JB: What compelled you to join the policy team?

ES: I saw the incredible work of my colleagues on the 2014 policy teams and the opportunity to impact and improve our profession with teachers from across Los Angeles. We are at a pivotal point in our transition to CCSS. It is imperative that teachers have a strong voice to advocate for quality instruction for our students – they deserve the best education we can provide for them.

JB: How has this experience changed your practice in the classroom?

ES: Our students are capable of amazing things, and CCSS enables us to push our students even further than we thought imaginable. The text complexity of the CCSS pushes our students to become critical thinkers and problem solvers, and the types of problems our students engage with on a daily basis not only focus on finding the correct answer but understanding the reasons why.

As we shifted to reading complex texts and technology integration, we introduced our students to the novel Peter Pan. They were incredibly invested, and their text-based responses have moved from one- or two-sentence written responses into multiple paragraphs in a few short months. Our CCSS push towards technology integration, problem solving and text analysis has enabled our students to integrate a variety of skills and they have had so much success in doing so.

JB: Which of the CCSS recommendations written by you and your colleagues would bring the most benefits to the teaching profession and your students?

ES: Our mission as educators is to prepare our students for the jobs of tomorrow. CCSS provides the structure for our students to engage with a rigorous curriculum that is anchored in deep knowledge of content. Because of this, our recommendation advocates for access to adequate student data to inform instruction, keep community informed and monitor progress toward student, school and district growth.

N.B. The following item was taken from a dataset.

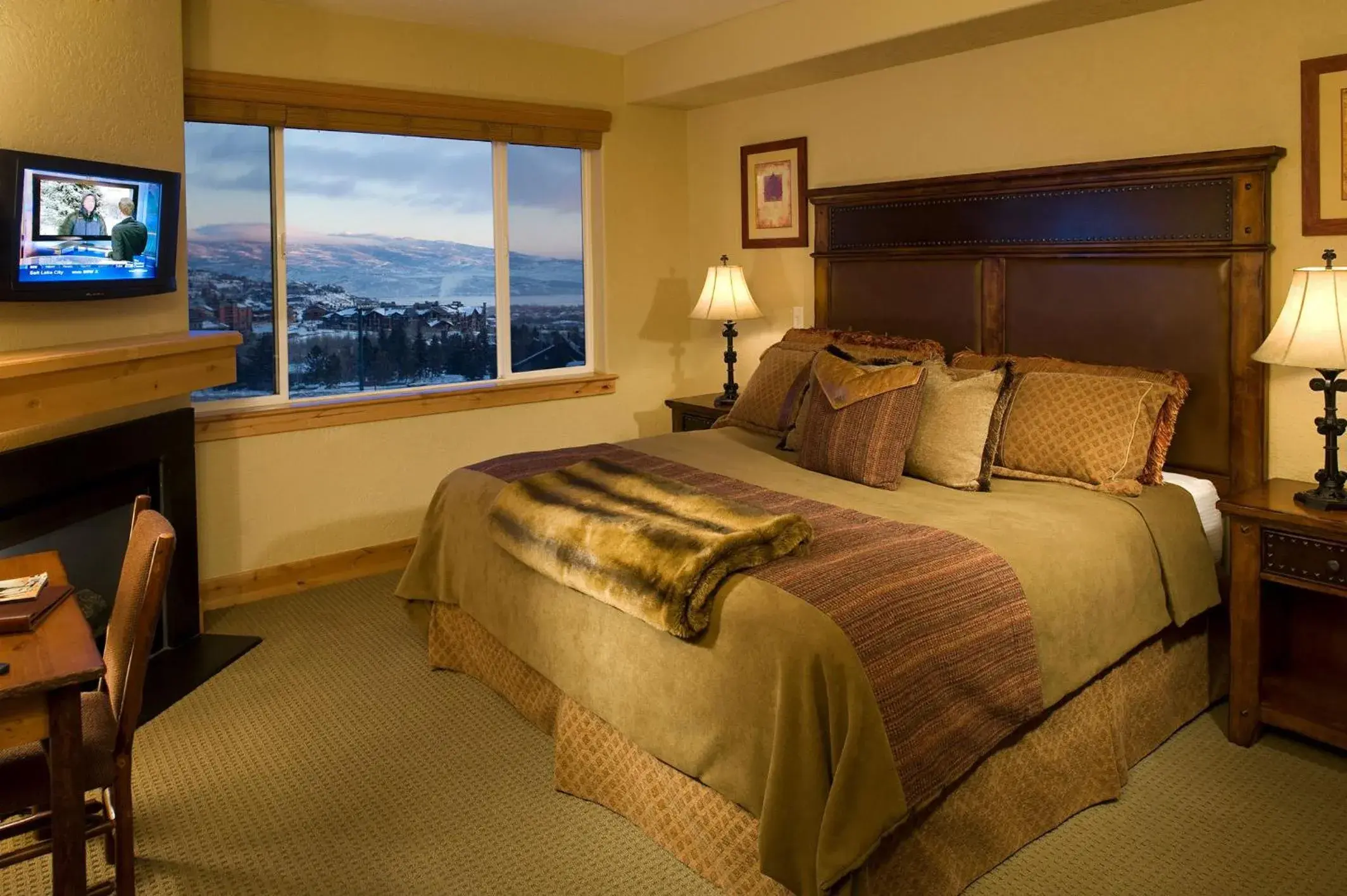 Photo of the whole room, Bed in Silverado Lodge Park City - Canyons Village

Data-informed instruction allows us to make adjustments in our own practice in order to meet the needs of our students and hold ourselves accountable to the highest academic expectations for our students.

JB: What have you done with the recommendations since the Teacher Policy Team’s paper on Common Core was published?

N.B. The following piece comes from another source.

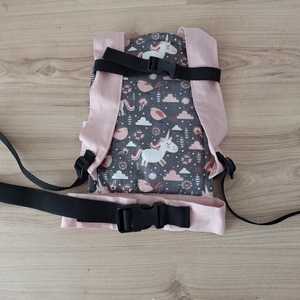 Játék csatos babahordozó, szürke unikornis - játék & sport - baba & babaház - babaruha, babakellék - Meska.hu Játék csatos babahordozó, szürke unikornis - játék & sport - baba & babaház - babaruha, babakellék - Meska.hu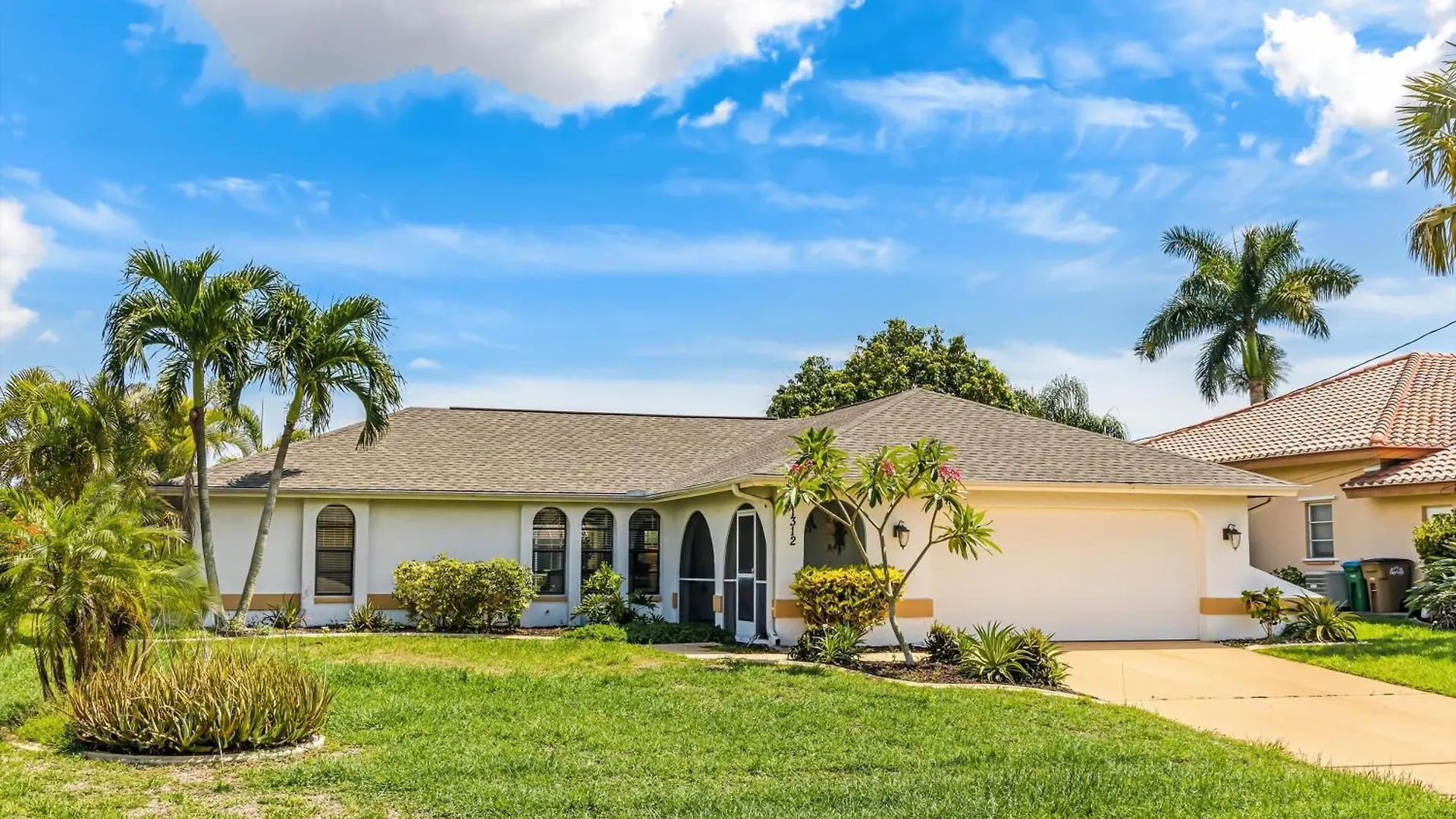 Remodeled Gulf-access Heated-pool With Southern Exposure - Aqua Sonne Oasis * Cape Coral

I have continued to collaborate with my colleagues to advocate and engage with policy leaders about our recommendation. I met with Senator Connie Leyva and Assemblymember Patrick O’Donnell to discuss and begin a dialogue about our proposal in One School of Thought. I also wrote an op-ed in the Los Angeles Daily News outlining the importance of access to student performance data and technology in schools. In addition, I recently traveled with my E4E colleagues to provide testimony to the State Board of Education on the adoption of performance metrics in California. Being a part of E4E has given me a platform to advocate for the issues I am passionate about and work with leaders in the field to find solutions to improve the educational experience of our students.